Now the objections to this are the following: First, It looks too much like human interference with the Bible to break it up in this manner, instead of directly referring from one part of Scripture to another; not but such a method may be useful as a "Scripture help," but not so as to supersede direct reference, which, it appears, Mr. Bickersteth's plan would do. Secondly, It calls off the reader's attention from the stream of the narration or discourse, making him regard the passage before him as if it were a disjointed fragment of a system, instead of being a coherent part of the portion of Scripture which he is reading; and it appears to me to differ little from the "Centones" of Homer and Virgil, except in being less ingenious and difficult.
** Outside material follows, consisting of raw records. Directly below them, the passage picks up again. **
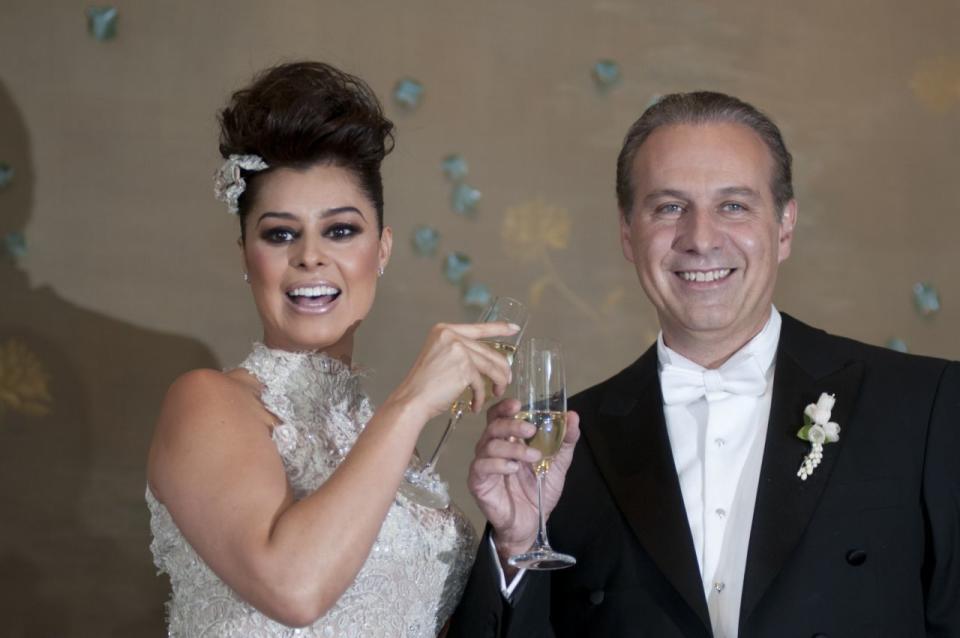 El abogado Juan Collado y la actriz Yadhira Carrillo, cuando anunciaron su boda. FOTO: Francisco Rodríguez /Cuartoscuro.com
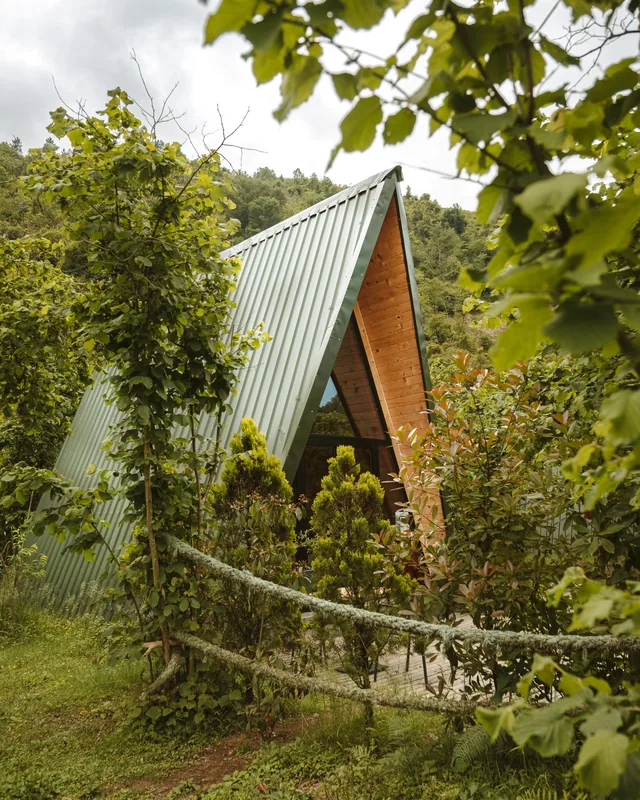 Yemyeşil doğanın içinde ahşap A-frame bungalov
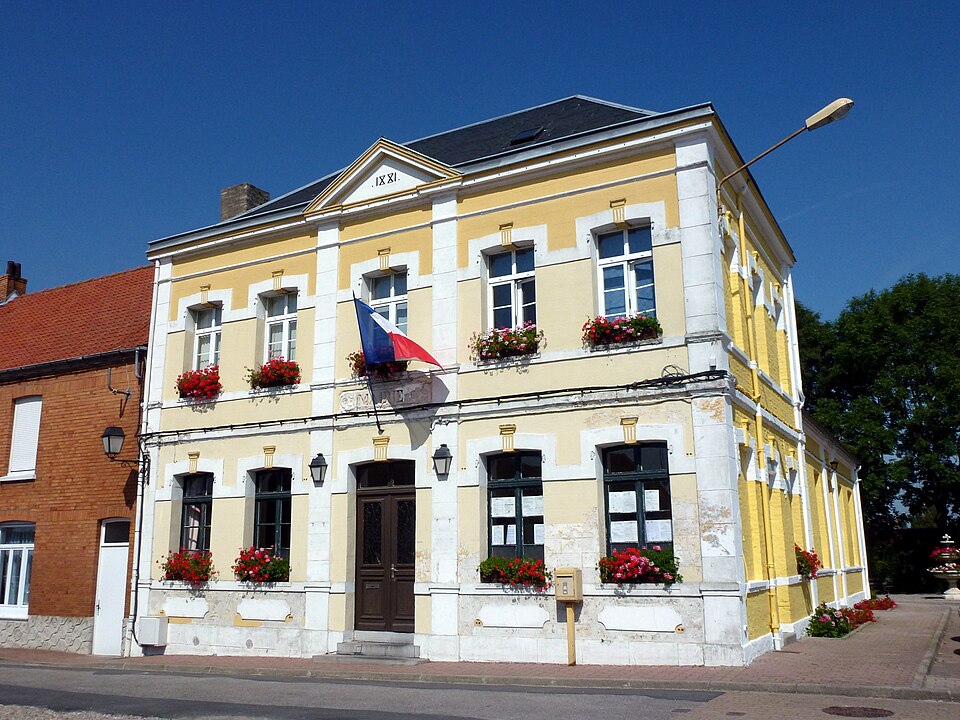 Saint — Folquin (Pas — de — Calais) mairie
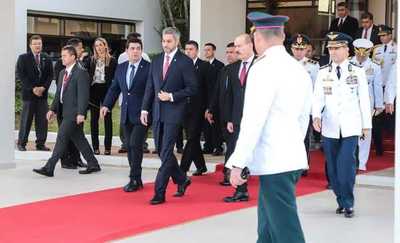 Abdo Benítez partió rumbo a Brasil para participar de la Cumbre del Mercosur | .::Agencia IP::.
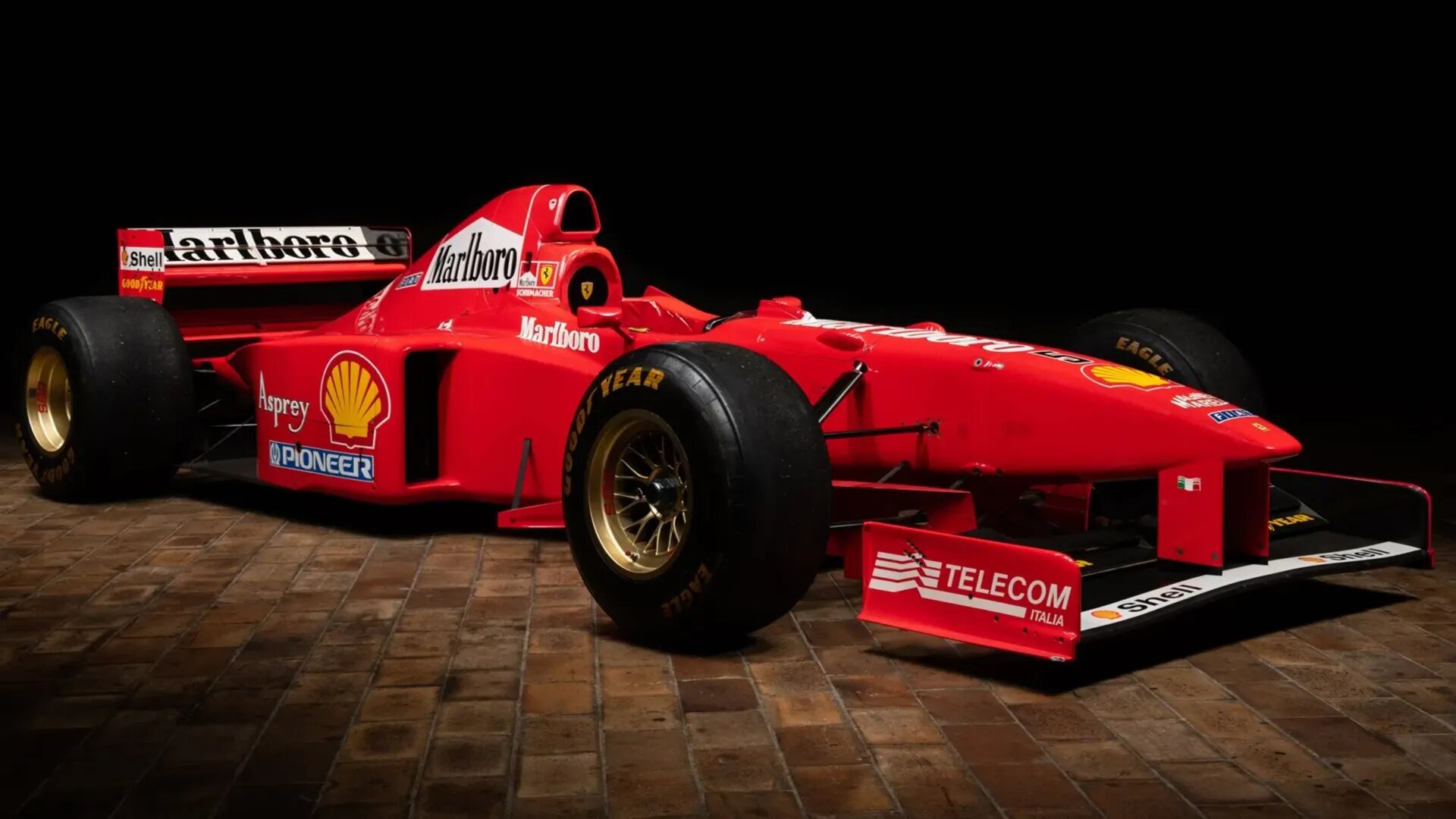 На продажу выставлен болид Ferrari из 1990-х, который участвовал только в одной гонке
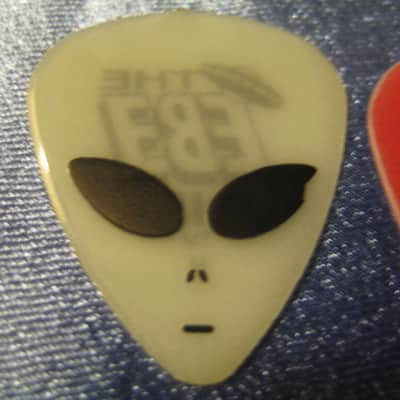 D'Andrea Alien Guitar Picks W/  Alien Design Graphics Set of 3 image 4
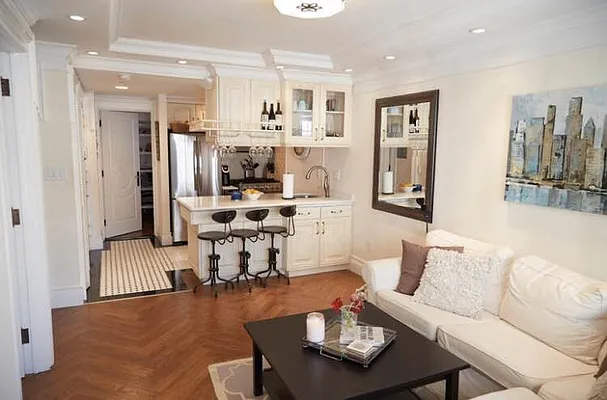 Rented by Urbanite Realty Inc | media 14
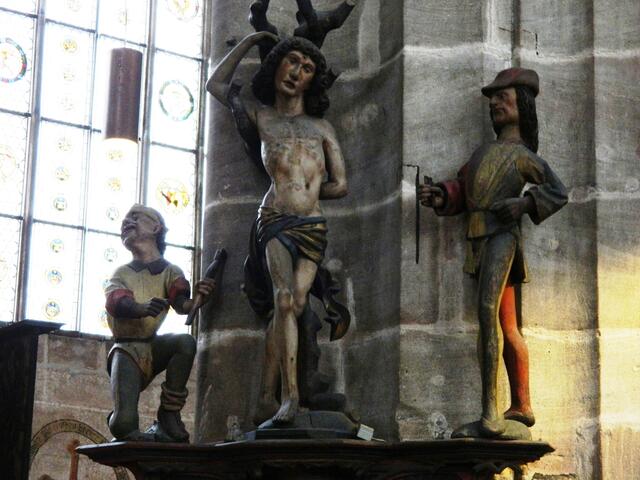 Zahlreiche Skulpturen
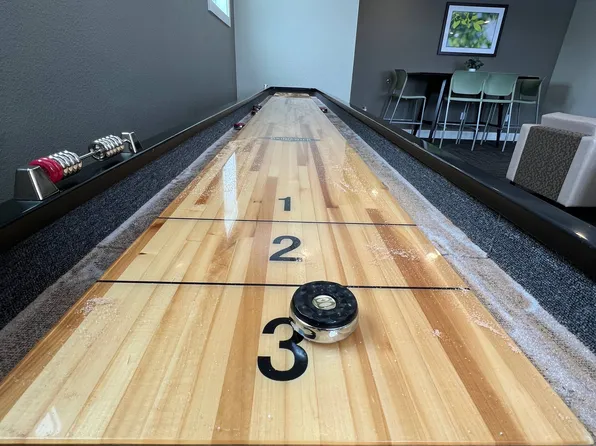 West Wind Place Apartments, 5399 Pierce St #G-06, Allendale, MI 49401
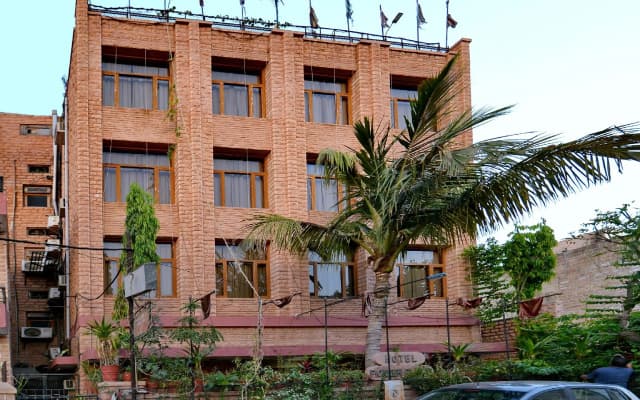 OYO 9900 Hotel Pioneer Plaza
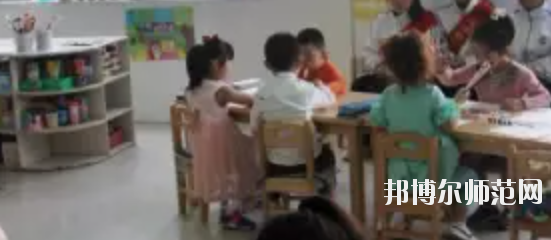 宜賓2021年幼師學(xué)校有哪些專業(yè)可以學(xué)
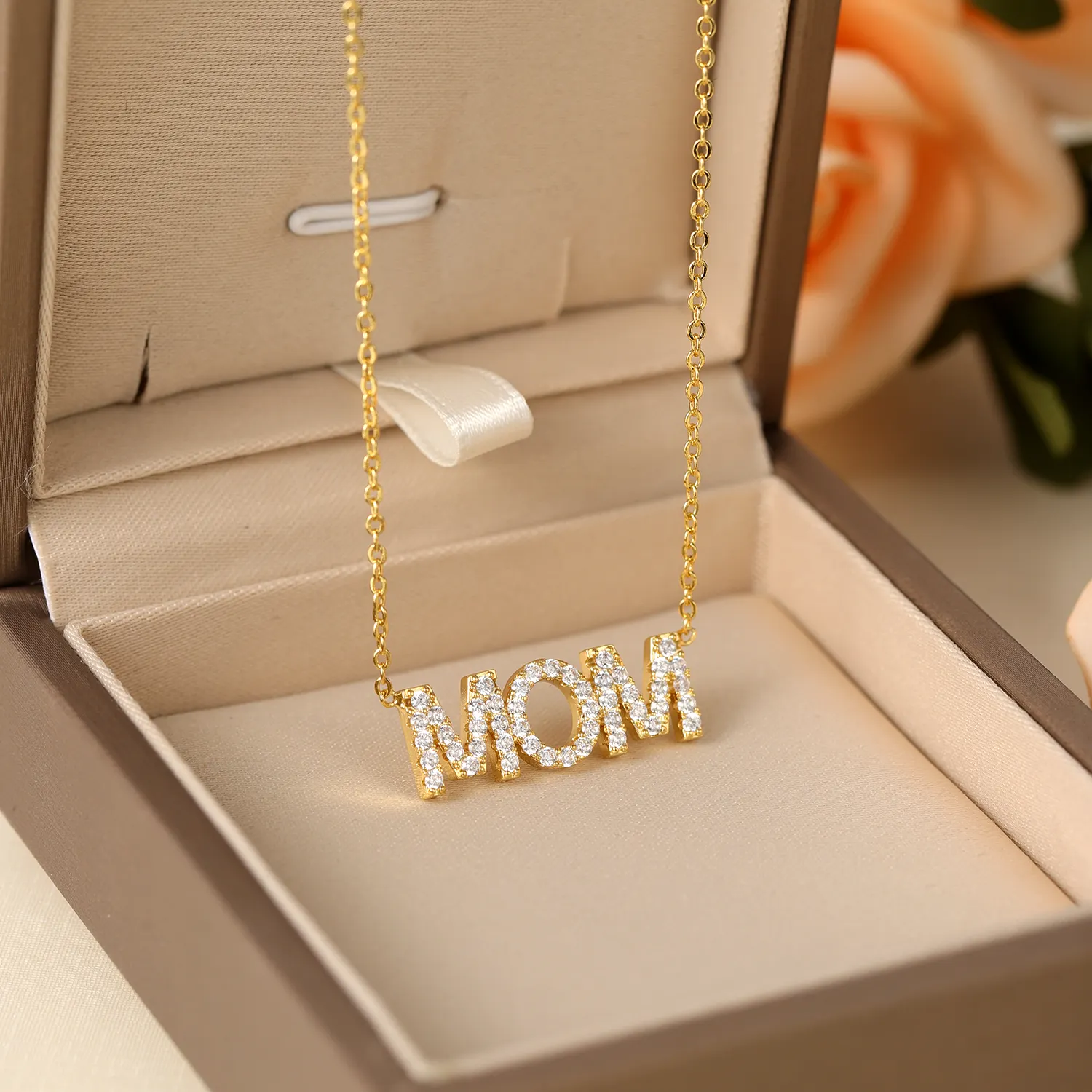 Acero inoxidable 18K chapado en oro impermeable collar de diamantes de imitación regalo del Día de la madre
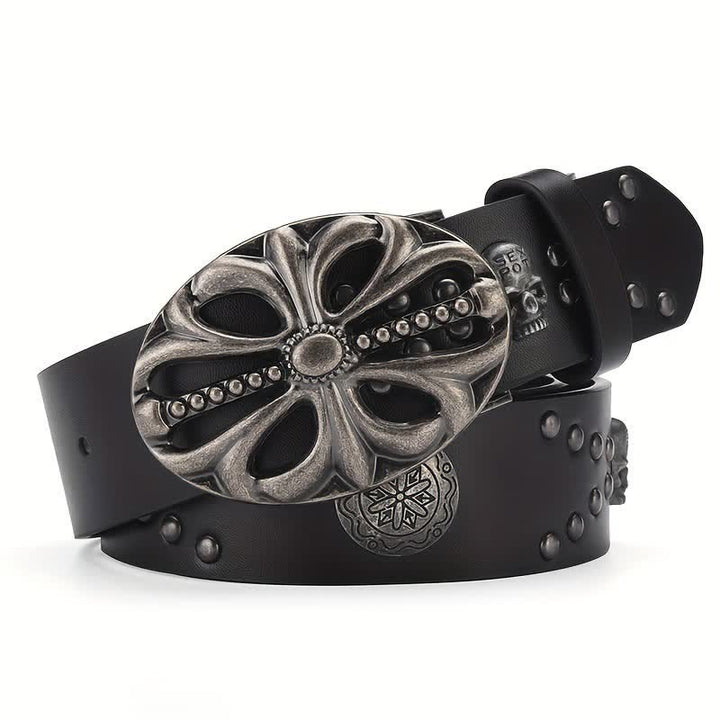 Cinturón de cuero con remaches y diseño de esqueleto vintage de estilo bohemio.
Thirdly, It tends to generate a minutely critical turn of mind, a state peculiarly unfit for the apprehension and enjoyment of the Scripture. in its spirit.

I will now propose a method which it appears to me would both preserve the advantages of the common method, and remedy its defects. To understand it the better, it may be well to prefix a few observations on the study of Scripture in general, and on the use of comparing parallel passages in particular.

The great design of the Bible, from first to last, is to teach the way of salvation and everlasting happiness: and to learn that, must therefore be the great object of whoever reads it to good purpose; and the most uncritical reader, with nothing but the plain text before him, if he peruse it in a spirit of devoutness and obedience, will not fail of that object, although he may misinterpret or be altogether unable to understand various passages, and overlook many interesting points in it. This must always be the lot of a great proportion of its readers. But that is no reason why those who have the means should not try to get a more perfect knowledge of it, as is indeed sufficiently shewn by the number of commentaries and illustrations of it that have been written.

For those then who have capacity, leisure, and opportunity, to study the Bible more critically than others, the two main objects ought to be: First, To get a complete knowledge of its contents (the facts, doctrines, and precepts), and also of the scope and purport of each part of the whole; and, secondly, To enter into the beauties and excellencies of it. These two are different; the former being chiefly a matter of intellect, the latter of feeling. A third object which every one should have, to govern his life by the precepts of Scripture, does not come in here, being practice, not study.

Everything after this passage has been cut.